### WHAT TO PRODUCE
Could you reproduce every record below exactly, excluding all pictures?

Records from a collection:

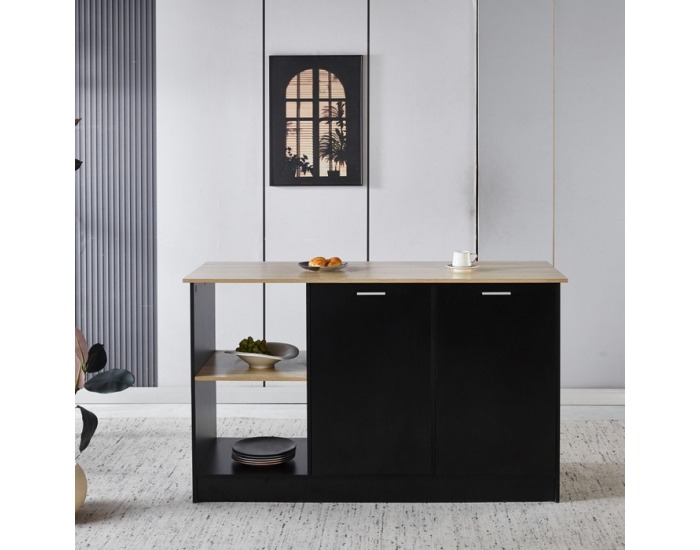 Kuchynský ostrovček Pompej - čierna / dub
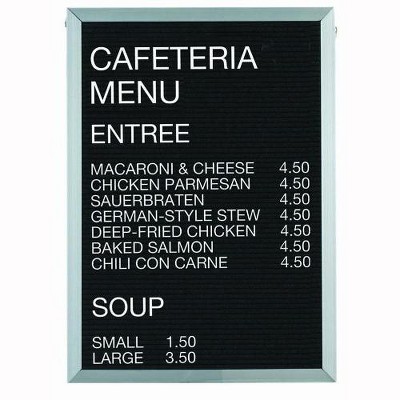 Aarco Products 36"x24" Aluminum Framed Black Felt Letter Board Open Face Message Center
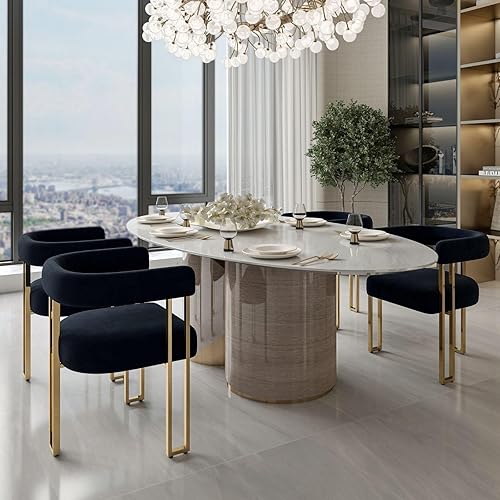 Miniatura 3 de Juego de 4 sillas de comedor modernas en negro y dorado, sillas de bar tapizadas de terciopelo con patas de metal para isla de cocina, sillas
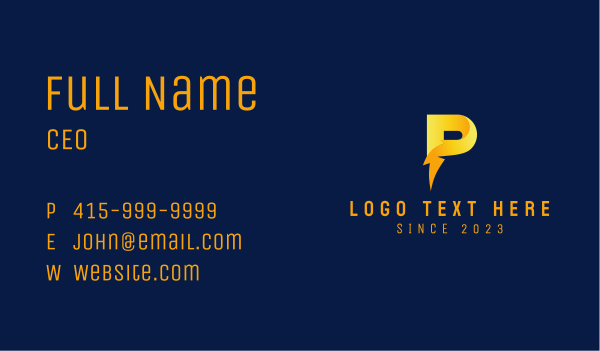 Lightning Bolt Letter P Business Card Design Image Preview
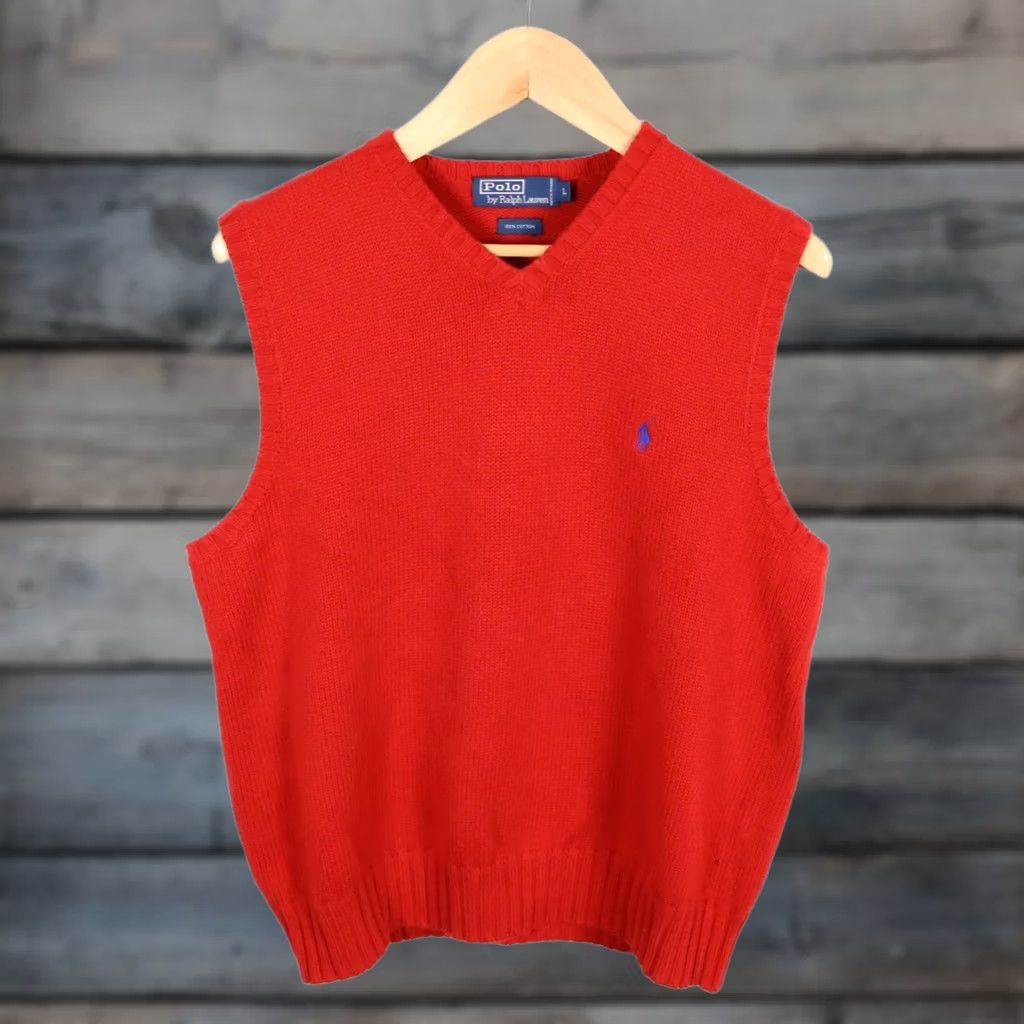 Polo Ralph Lauren Polo Ralph Lauren Sweater Vest Shirt Men Large Red Cotton V-Neck Knit Vest Preppy Dad Retro Holiday Vintage? Size US L / EU 52-54 / 3 - 1 Thumbnail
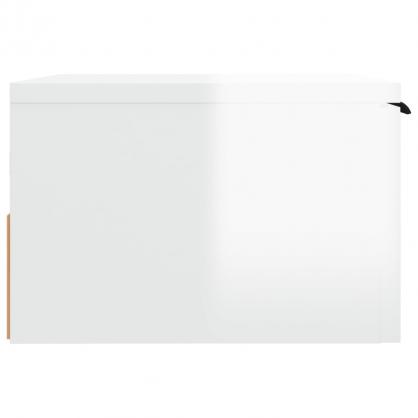 Vggmonterad sngbord vit hgglans 34x30x20 cm , hemmetshjarta.se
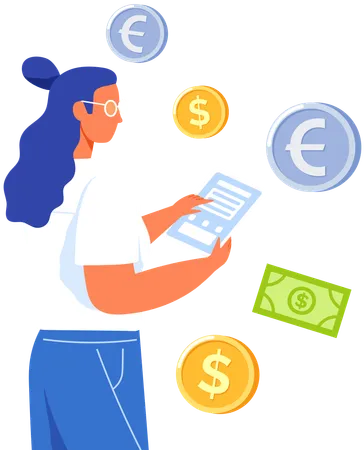 Woman With Money And Documents Savings Management Businesswoman Looks At Report Survey With Financial Data Working With Money And Currency Concept Payment Of Taxes Business Investments Illustration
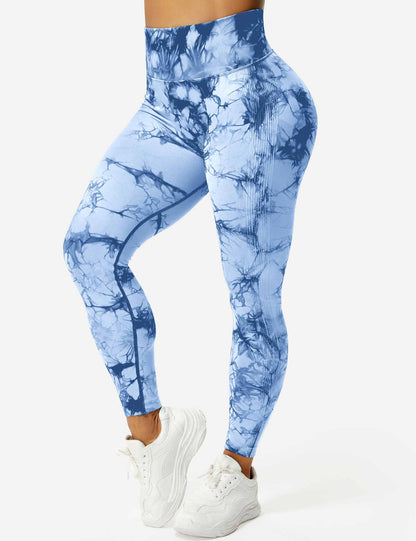 Damen Leggings hellblau, Batikmuster, hohe Taille, Sportbekleidung, elastisch, bequem.
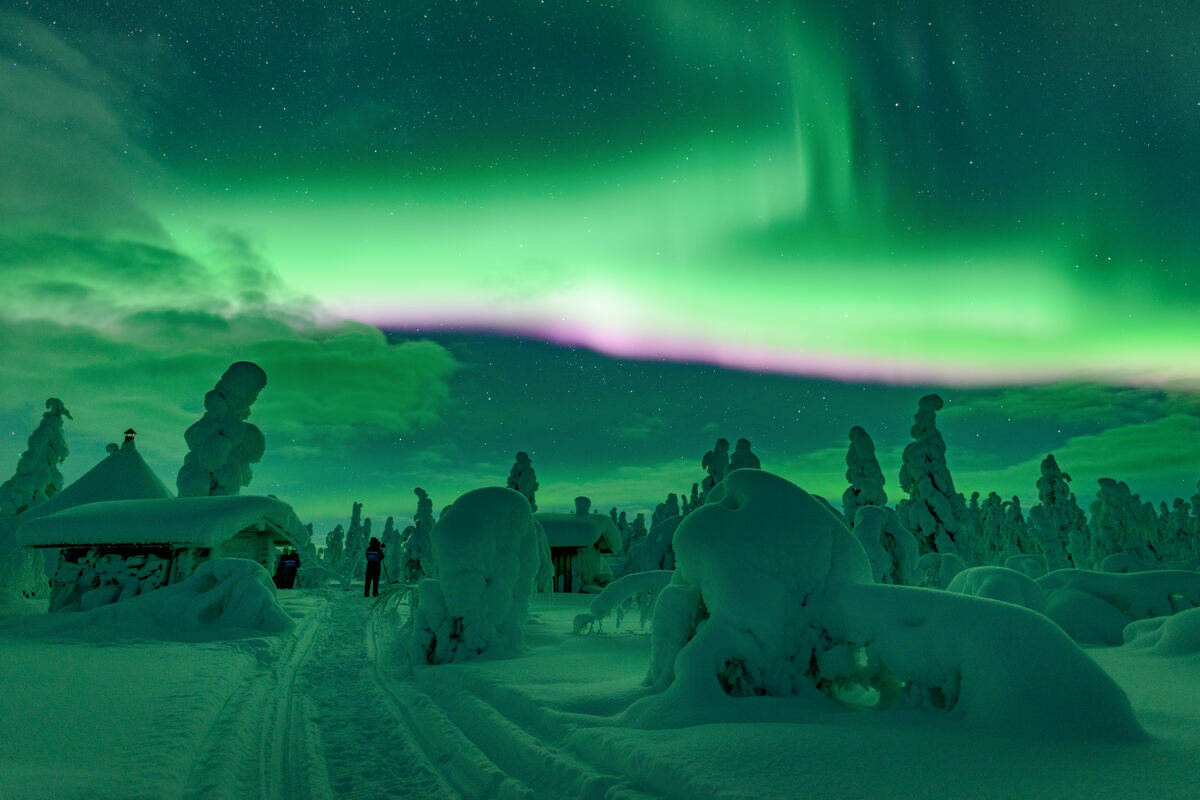 Green Northern lights in the sky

### RESPONSE BOX
 Kuchynský ostrovček Pompej - čierna / dub
 Aarco Products 36"x24" Aluminum Framed Black Felt Letter Board Open Face Message Center
 Miniatura 3 de Juego de 4 sillas de comedor modernas en negro y dorado, sillas de bar tapizadas de terciopelo con patas de metal para isla de cocina, sillas
 Lightning Bolt Letter P Business Card Design Image Preview
 Polo Ralph Lauren Polo Ralph Lauren Sweater Vest Shirt Men Large Red Cotton V-Neck Knit Vest Preppy Dad Retro Holiday Vintage? Size US L / EU 52-54 / 3 - 1 Thumbnail
 Vggmonterad sngbord vit hgglans 34x30x20 cm , hemmetshjarta.se
 Woman With Money And Documents Savings Management Businesswoman Looks At Report Survey With Financial Data Working With Money And Currency Concept Payment Of Taxes Business Investments Illustration
 Damen Leggings hellblau, Batikmuster, hohe Taille, Sportbekleidung, elastisch, bequem.
 Green Northern lights in the sky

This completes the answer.